In deze zaak heeft de Hoge Raad op 8 november 2013 uitspraak gedaan in het beroep in cassatie van belanghebbende tegen de uitspraak van de Rechtbank Den Haag. De Rechtbank had op 11 maart 2013 het verzet van belanghebbende tegen een eerdere uitspraak ongegrond verklaard. Deze eerdere uitspraak betrof de aan belanghebbende opgelegde aanslag in de inkomstenbelasting en premie volksverzekeringen voor het jaar 2009. De Rechtbank had het beroep van belanghebbende tegen de aanslag eerder al niet-ontvankelijk verklaard wegens het overschrijden van de beroepstermijn.

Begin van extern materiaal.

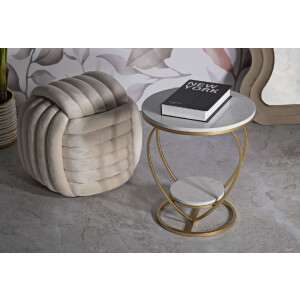 Mauro Ferretti Table dappoint en forme de cœur doré et blanc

Belanghebbende heeft vervolgens cassatie ingesteld en daarbij verschillende klachten ingediend. De Staatssecretaris van Financiën heeft hierop een verweerschrift ingediend, waarna belanghebbende een conclusie van repliek heeft ingediend. De Hoge Raad heeft de klachten van belanghebbende beoordeeld en geconcludeerd dat deze niet tot cassatie konden leiden. De Hoge Raad oordeelde dat er geen noodzaak was voor nadere motivering, aangezien de klachten niet leidden tot beantwoording van rechtsvragen die van belang zijn voor de rechtseenheid of de rechtsontwikkeling.
Daarnaast heeft de Hoge Raad geen termen aanwezig geacht voor een veroordeling in de proceskosten. Uiteindelijk heeft de Hoge Raad het beroep in cassatie ongegrond verklaard, waarmee de uitspraak van de Rechtbank in stand bleef. Dit arrest is gewezen door de raadsheer C. Schaap als voorzitter, en de raadsheren P.M.F. van Loon en Th. Groeneveld, en is openbaar uitgesproken op 8 november 2013.